The Fear of the Unknown is Quite Common
Fear of the unknown is quite common to a greater or lesser extent. Furthermore, it's often paralyzing and keeps you from moving forward. Continue reading to find out more about it, along with some guidelines for overcoming it.
Fear of the unknown is one of the most basic and useful human emotions. It’s allowed us to face dangerous situations and to escape from them, facilitating our survival throughout the history of the world. You may not be aware of it but people learn valuable information after experiencing a threatening situation. People remember what endangered them and how they overcame it. On the other hand, some fears are related to a lack of information.
The fear of the unknown is a universal and intrinsic feeling. In fact, it’s a fundamental fear, according to specialists. Uncertainty is part of life, as nobody knows for sure what’s going to happen or how. In this regard, some people are better at confronting this feeling and they can approach it and consider possible resolutions. However, other people have a harder time going through the same situation and block their emotions.
“The oldest and strongest emotion of mankind is fear, and the oldest and strongest kind of fear is fear of the unknown”
This kind of fear is also known as intolerance to uncertainty among psychology specialists. Thus, they define it as the tendency to experience fear when confronting something they’re ignorant about since they perceive it as dangerous. In other words, people are fearful when they find themselves in a situation or a stimulus in which they don’t know what’ll happen to them. This is because this feeling often comes along with the perception that it won’t be something pleasant.
Taking into account some individual differences, the origin of this fear is evolutionary. Ancient humans had to confront all types of dangers. They definitely learned from them even though the risk they took by going into unknown areas was considerable. You may not be aware of it but the human brain evolved to fear the unknown.
Uncertainty seems to be encoded in the brain and has its own neural system. Furthermore, one of the first filters through which information passes is whether an object or situation is threatening when you confront something new. To determine whether something is threatening, the neural networks access a kind of storehouse for memories of past experiences. The brain classifies it as a possible threat when it doesn’t find any information about it.
Some studies on fear of the unknown revealed it increases the activity of the amygdala and hippocampus. It also increases error-related negativity and activates the behavioral inhibition system. In other words, uncertainty causes fear and negativity and it’s paralyzing. It makes you want to run away from new situations.
This fear was and is an adaptive feature to the extent and it makes you act with caution before potential dangers. However, the intensity of fear can compromise other activities such as procuring food and shelter, finding new opportunities, and even meeting new people.
The paralysis caused by the fear of the unknown and its consequent impediments seems to make people more accepting of negative consequences. They’d rather do that than confront it. In addition, this kind of fear seems to be related to other psychological disorders such as anxiety, social phobia, obsessive-compulsive disorder, post-traumatic stress, substance abuse, and depression, among others.

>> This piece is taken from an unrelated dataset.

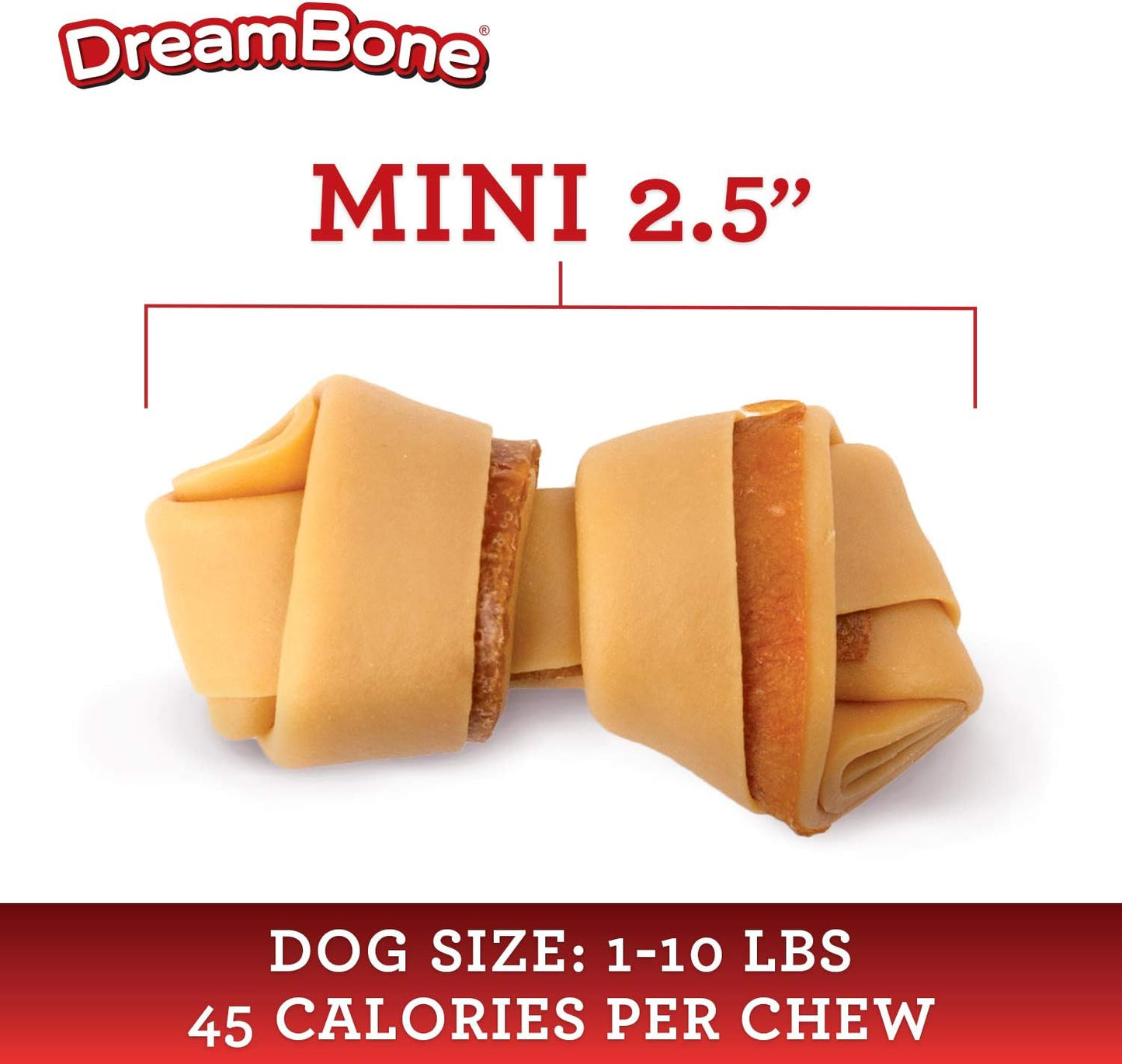 DreamBone Mini Chews, Made with Real Bacon and Cheese Flavor, Rawhide Free Dog Chews, 24 Count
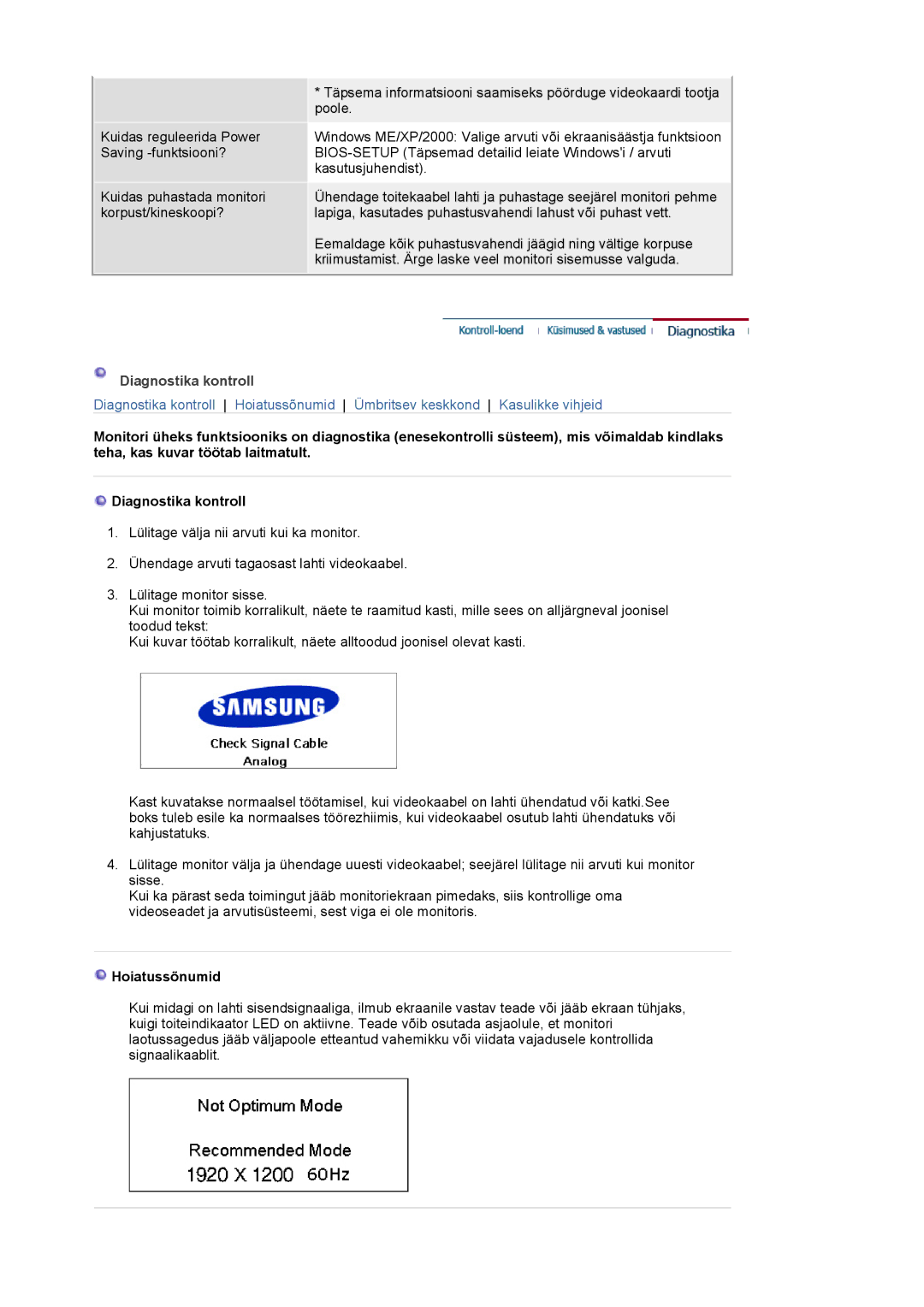 Samsung LS24BRBBS/EDC manual Diagnostika kontroll, Hoiatussõnumid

Intense fear of the unknown can be the origin and consequence of other psychological disorders. It could limit your development in any personal, work, and social areas. Seek professional help if this is your case. In this regard, cognitive-behavioral therapy is the best option, as it helps identify and modify any thoughts that cause discomfort.
However, if the fear isn’t debilitating, then you can follow a series of guidelines to overcome it.

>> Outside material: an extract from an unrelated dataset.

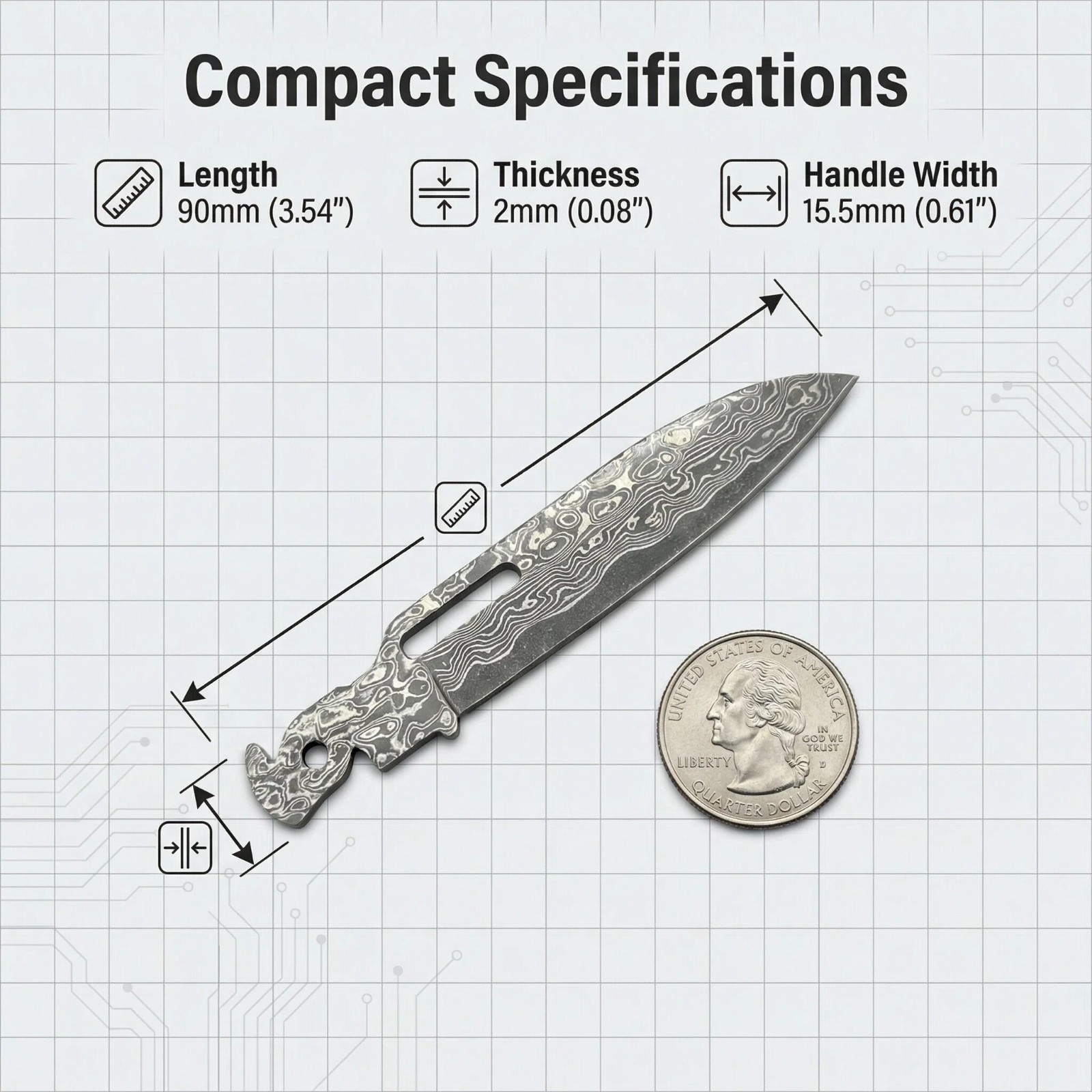 [USA Stock] – VG10 Damascus MAIN BLADE for LEATHERMAN ARC/FREE P2 P4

Here’s how you can begin to explore unknown terrain
- Accept and identify your fear. The first step is understanding that fear is a natural emotion and realize that everyone feels it. It’s a part of life and generally not based on rational thinking. In turn, you must wonder whether your fear is generalized or specific. Fear of death, for example.
- Analyze if there’s a specific cause. Keep in mind that fear isn’t usually due to a bad experience. However, ponder whether the fear of the unknown is a product of the education you received.
- Question your thoughts. Try to dismantle the thoughts that lead to fear as is one of the most powerful tools. Answer questions such as: “What evidence do I have to support my fear?” “What’s the evidence that something bad will happen?” “What’s the worst thing that could happen?” In addition, give three examples of times in which you satisfactorily confronted uncertainty. This is because these are useful to dismantle fear and reduce any anxiety it generates.
- Accept the possibility of failure. Controlling expectations is one of the variables that gains more weight in emotional management when confronting a situation in which you don’t know what can happen. Making mistakes isn’t bad and it seldom has consequences you can’t rectify. Actually, failures acquire a sense of truth when you learn from them and what’s new often becomes exciting after you take it as an opportunity to experiment.
This is a naturally unpleasant emotion. However, it can also keep you from reaching certain goals or from enjoying any surprises that might come your way. Thus, intelligent emotional management will help you take advantage of this emotion to promote your own interests.